Here is the complete technical breakdown to build, train, and deploy this system.


The Architecture

We are splitting the codebase into four distinct modules for modularity and debugging ease.

  1. indicators.py: Data preprocessing and feature engineering.
  2. trading_env.py: The custom OpenAI Gym environment (the “world”).
  3. train_agent.py: The PPO training loop.
  4. test_agent.py: Out-of-sample evaluation.

Prerequisites:
You will need gym, numpy, pandas, pandas_ta, and stable_baselines3.


Phase 1: Data Engineering (indicators.py)

The agent needs vision.
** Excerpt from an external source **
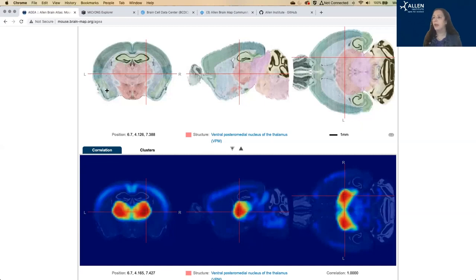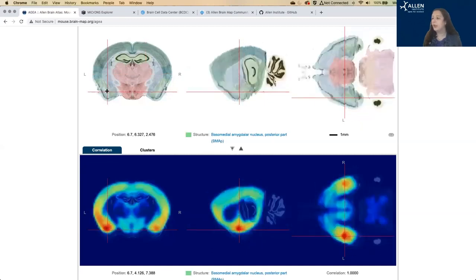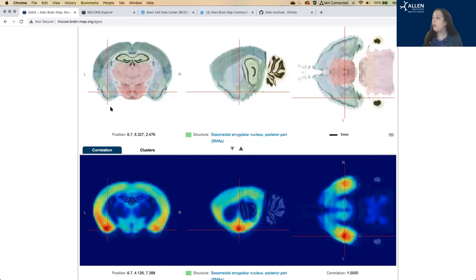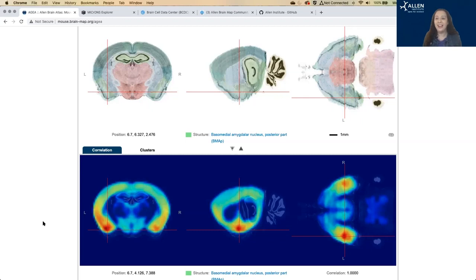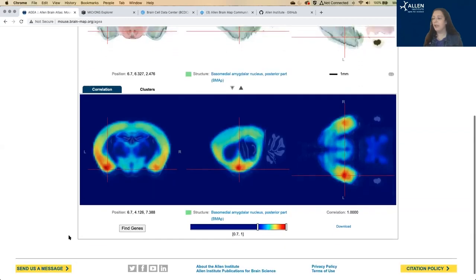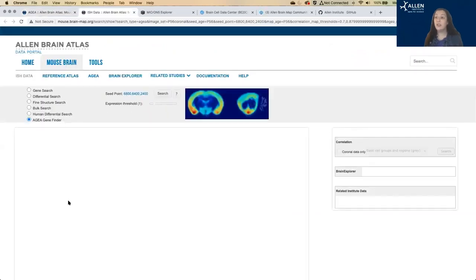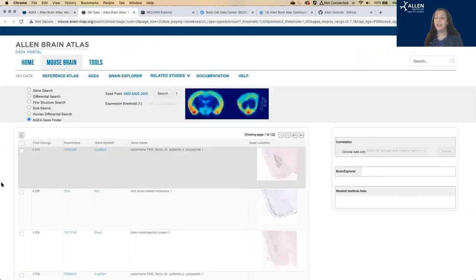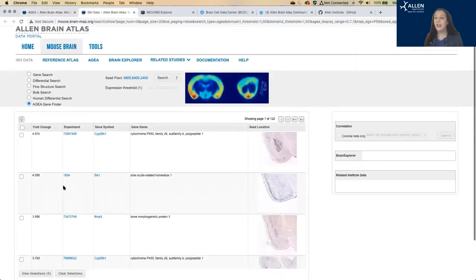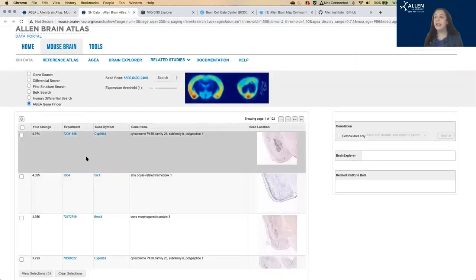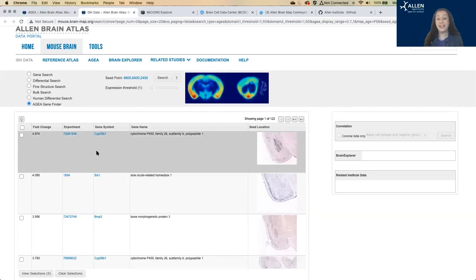So I'm going to pick another random region. You can see that for the amygdala, these are the brain regions that are highly correlated with the amygdala as far as the gene expression patterns. And then down at the bottom here, we have this find genes button. And that is going to pull up a list of those genes that are highly expressed in your seed region that you selected on that heat map.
Raw price data isn’t enough; we need to feed it derived technical features. We utilize RSI, SMA, ATR, and a custom Slope metric.

Create indicators.py:

import pandas as pd
import pandas_ta as ta

def load_and_preprocess_data(csv_path: str) -> pd.DataFrame:
    """
    Loads EURUSD data, cleans it, and attaches technical indicators.
    """
    # Load Data
    df = pd.read_csv(csv_path, parse_dates=['Gmt time'], index_col='Gmt time')
    
    # Cleanup
    df = df.sort_index()
    if df.isnull().values.any():
        df = df.dropna()

    # Feature Engineering via pandas_ta
    df['rsi_14'] = ta.rsi(df['Close'], length=14)
    df['sma_20'] = ta.sma(df['Close'], length=20)
    df['sma_50'] = ta.sma(df['Close'], length=50)
    df['atr'] = ta.atr(df['High'], df['Low'], df['Close'], length=14)

    # Custom Feature: SMA Slope (Difference between steps)
    df['sma_20_slope'] = df['sma_20'].diff()

    # Drop NaN values generated by indicators
    df.dropna(inplace=True)

    return df

Phase 2: The Environment (trading_env.py)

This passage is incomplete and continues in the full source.